On Wed, Dec 31, 2014 at 12:22 AM, Alexey Vasiliev <[email protected]> wrote:
> Tue, 30 Dec 2014 21:39:33 +0900 от Michael Paquier 
> <[email protected]>:
> As I understand now = (pg_time_t) time(NULL); return time in seconds, what is 
> why I multiply value to 1000 to compare with restore_command_retry_interval 
> in milliseconds.
This way of doing is incorrect, you would get a wait time of 1s even
for retries lower than 1s. In order to get the feature working
correctly and to get a comparison granularity sufficient, you need to
use TimetampTz for the tracking of the current and last failure time
and to use the APIs from TimestampTz for difference calculations.

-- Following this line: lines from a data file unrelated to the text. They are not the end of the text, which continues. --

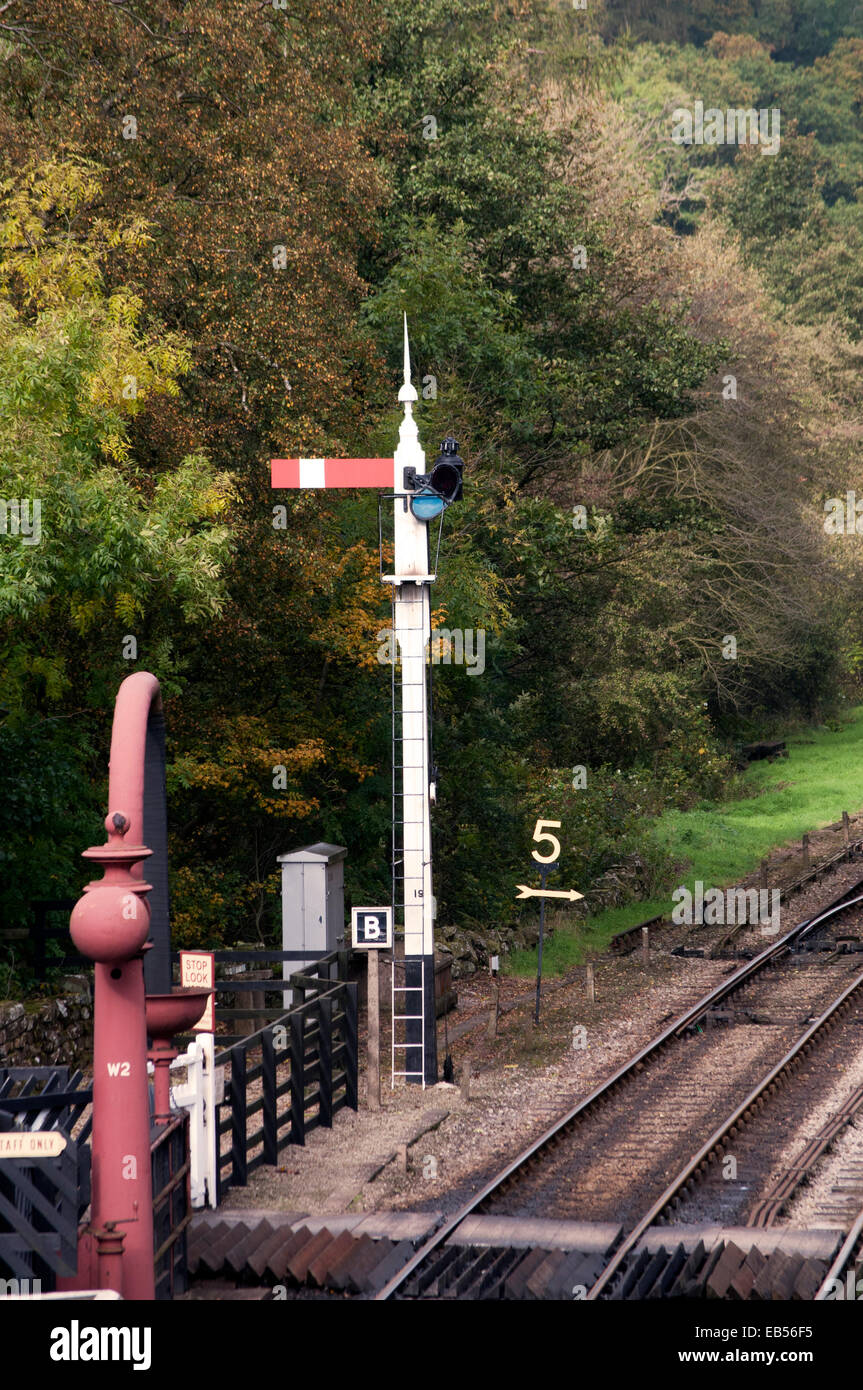 North Yorkshire Moors Railway Goathland señal Foto de stock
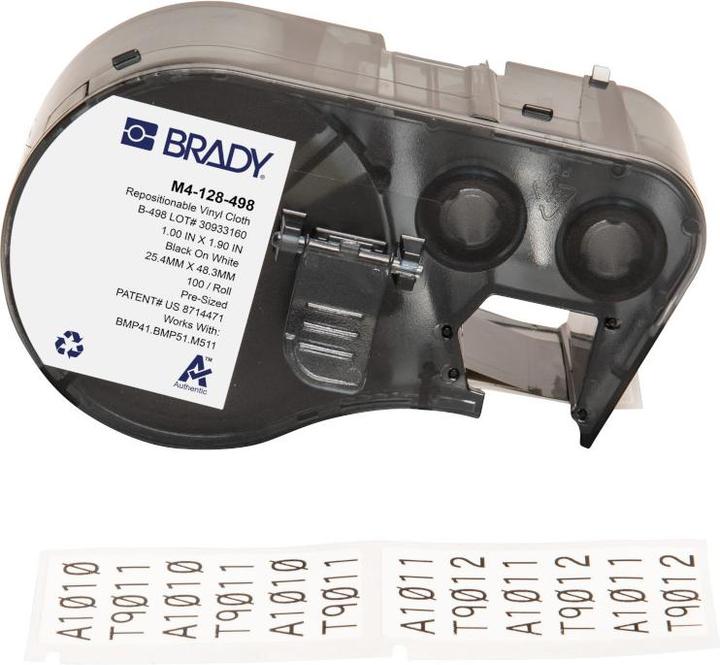 Actual product image Brady M4-128-498, removable vinyl fabric, black on white, 25.40 x 48.26 mm, max. cable length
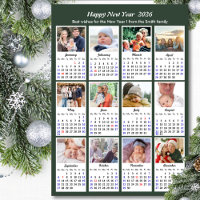 Modern Sage Green 2026 Calendar 12 Photo Collage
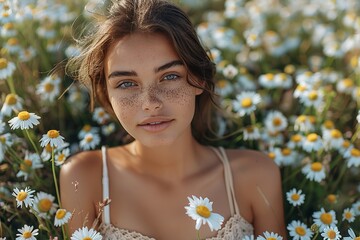 "Close-Up of Individual Resting in Flower Field: Relaxing Amidst Daisy Bed, Enjoying Nature's Blossoms"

> I am not sure about small retry interval of time, in my cases I need interval 
> bigger 5 seconds (20-40 seconds). Right now I limiting this value be bigger 
> 100 milliseconds.
Other people may disagree here, but I don't see any reason to put
restrictions to this interval of time.

Attached is a patch fixing the feature to use TimestampTz, updating as
well the docs and recovery.conf.sample which was incorrect, on top of
other things I noticed here and there.

Alexey, does this new patch look fine for you?
-- 
Michael

From 9bb71e39b218885466a53c005a87361d4ae889fa Mon Sep 17 00:00:00 2001
From: Michael Paquier <[email protected]>
Date: Mon, 5 Jan 2015 17:10:13 +0900
Subject: [PATCH] Add restore_command_retry_interval to control retries of
 restore_command

restore_command_retry_interval can be specified in recovery.conf to control
the interval of time between retries of restore_command when failures occur.
---
 doc/src/sgml/recovery-config.sgml               | 21 +++++++++++++
 src/backend/access/transam/recovery.conf.sample |  9 ++++++
 src/backend/access/transam/xlog.c               | 42 ++++++++++++++++++++-----
 3 files changed, 64 insertions(+), 8 deletions(-)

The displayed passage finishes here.